At present, the coloring of animation sketches mostly depends on the hand-painted coloring of professional animation painters, which will spend a lot of time and energy. At the same time, the coloring effect is also affected by individuals [1, 2]. The emergence of convolutional neural networks [3] provides a new perspective for the coloring of gray images. Its emergence makes it possible to complete many tasks in computer vision at the same time. It is necessary for the computer to automatically color the animation sketch. At the same time, for some ordinary people, they can use this method to color the line sketch and create their favorite color pictures. These methods can automatically colorize animation line art to generate rich color pictures; in addition to manual selection of specific colors color to color, the coloring time is much faster than hand-painted coloring. However, generative adversarial networks (GANS) have always had a long training time, unstable generation effect, and non-convergence of the network [4, 5]. These problems can lead to poor quality of color pictures generated by the GANS-based animation line art coloring model. For example, the color filling is unreasonable, the filling color exceeds the filling area, and the color brightness is inconsistent.

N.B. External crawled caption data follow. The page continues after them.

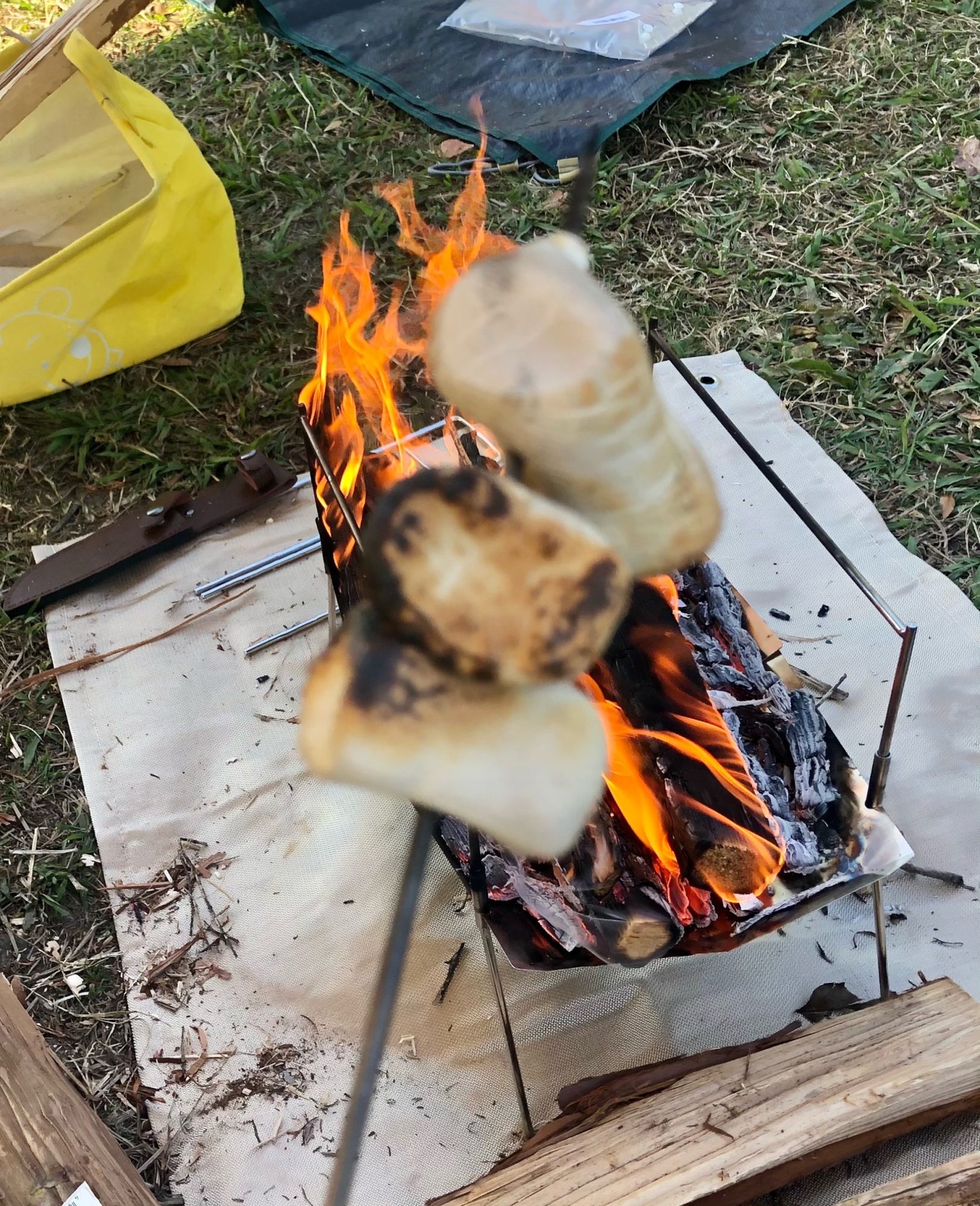 キャンプ飯スィーツ 焚き火で焼きマシュマロ レシピ 作り方 By りんりんりん 楽天レシピ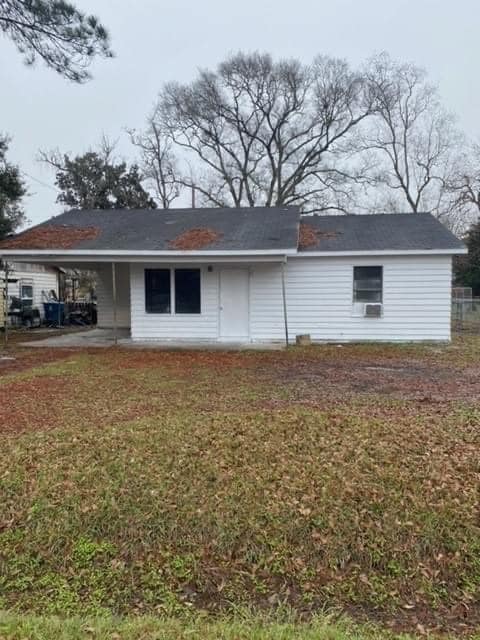 Building Photo - 396 Sunset Dr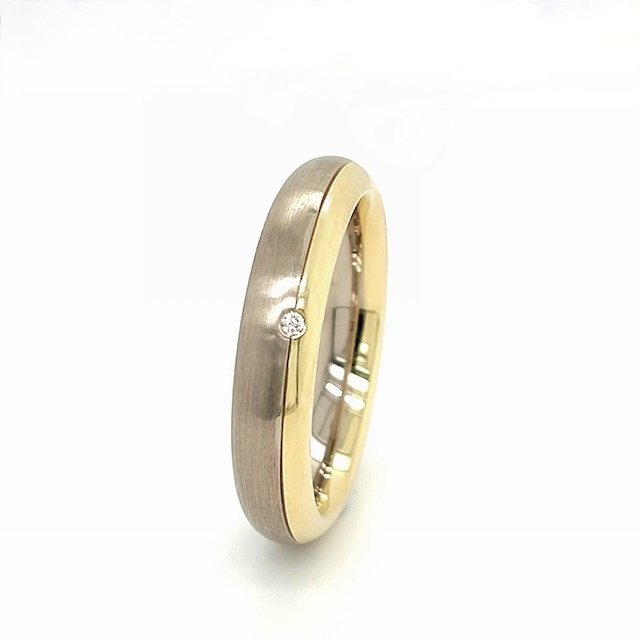 Theo Meister ring in 14 krt. wit- en geelgoud met diamant
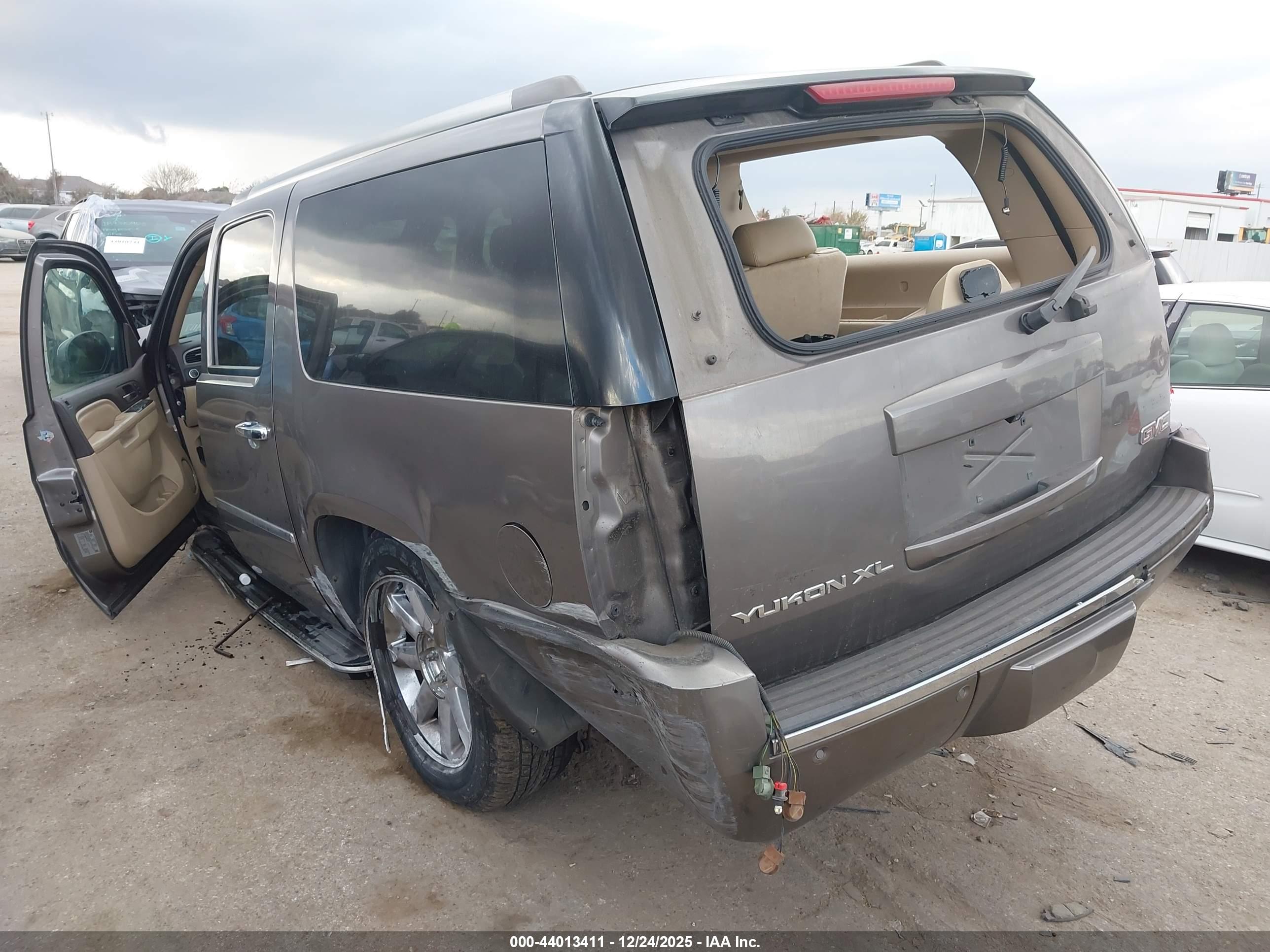 GMC YUKON image 3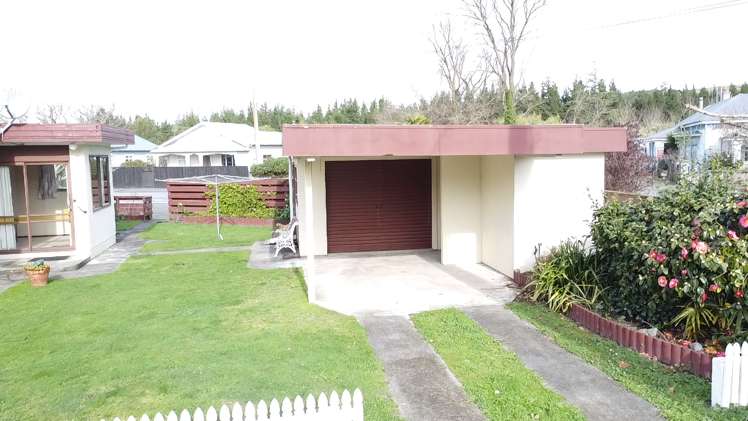 1 Waverley Street Waipawa_2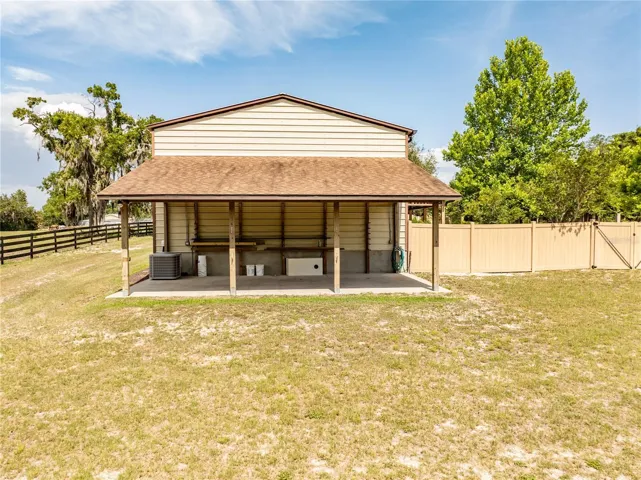 Rear of RV/boat garage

As far as GANS-based coloring models are concerned, it is challenging to meet the actual needs, and the coloring results also need to be screened. Some color pictures of poor quality are inevitable, time-consuming, and laborious. GANS consists of a generator and a discriminator [5]. When the animation line art is colored, the generator inputs the animation line art and outputs the colored image. Moreover, the choice of the generator network structure and loss function will directly affect the quality of the final output color picture. Therefore, designing a suitable stable network and a suitable loss function can improve the quality of generated color images. The role of the discriminator is to discriminate whether the generated color image is close to the effect of artificial coloring avoidance. The final output is a color image with poor quality, and the discriminator will affect the training stability of GANS. Training GANS needs to achieve the Nash equilibrium; the discriminator network needs to be further optimized to ensure training stability.

In recent years, GANS has received increasing attention in deep learning. A generative adversarial model usually consists of a generator and a discriminator. The generator captures the underlying distribution of actual samples and generates new data samples. The discriminator is often a binary classifier that distinguishes real examples from generated samples as accurately as possible. The discriminator guides the training of the generator, and the alternating movement between the two models is used for continuous confrontation. Finally, the generative model can better complete the generation task. With the emergence of more and more GANS variants, GANS has achieved significant results in various fields of images. In image coloring, GANS also occupies an important position in mainstream algorithms. At present, the deep learning-based automatic coloring model mainly adopts the architecture of GANS.

Pix2Pix [6] is also a significant variant of GANS, using conditional generative adversarial networks (CGANS) to achieve image-to-image conversion; it can do many things, such as drawing sketches, convert outlines to pictures, converting night scenes to day scenes, auto colorize, and more.

Moreover, Style2paints, as a style transfer coloring model variant of GANS, needs to provide a reference image for color use in advance when converting the anime line art into color images [7]. The generator network proposed by Style2paints also uses U-net with residual enhancement. In the web, a residual module is added between each level in the right half of the network to enhance the coloring detail texture, and an auxiliary classifier is added to the generator network structure. The discriminator can distinguish the true and false of the generated image and classify its related styles to achieve style transfer.

PaintsChainer, which is now widely used, uses an unconditional discriminator and has achieved remarkable results [7]. Users only need to input an animation line art picture to get a color picture, and they can also get the effect under the color style by adding the color they want. However, because no labels make it easy to pay too much attention to the relationship between lines and feature maps, the image composition will lead to overfitting, and the line filling will be confusing.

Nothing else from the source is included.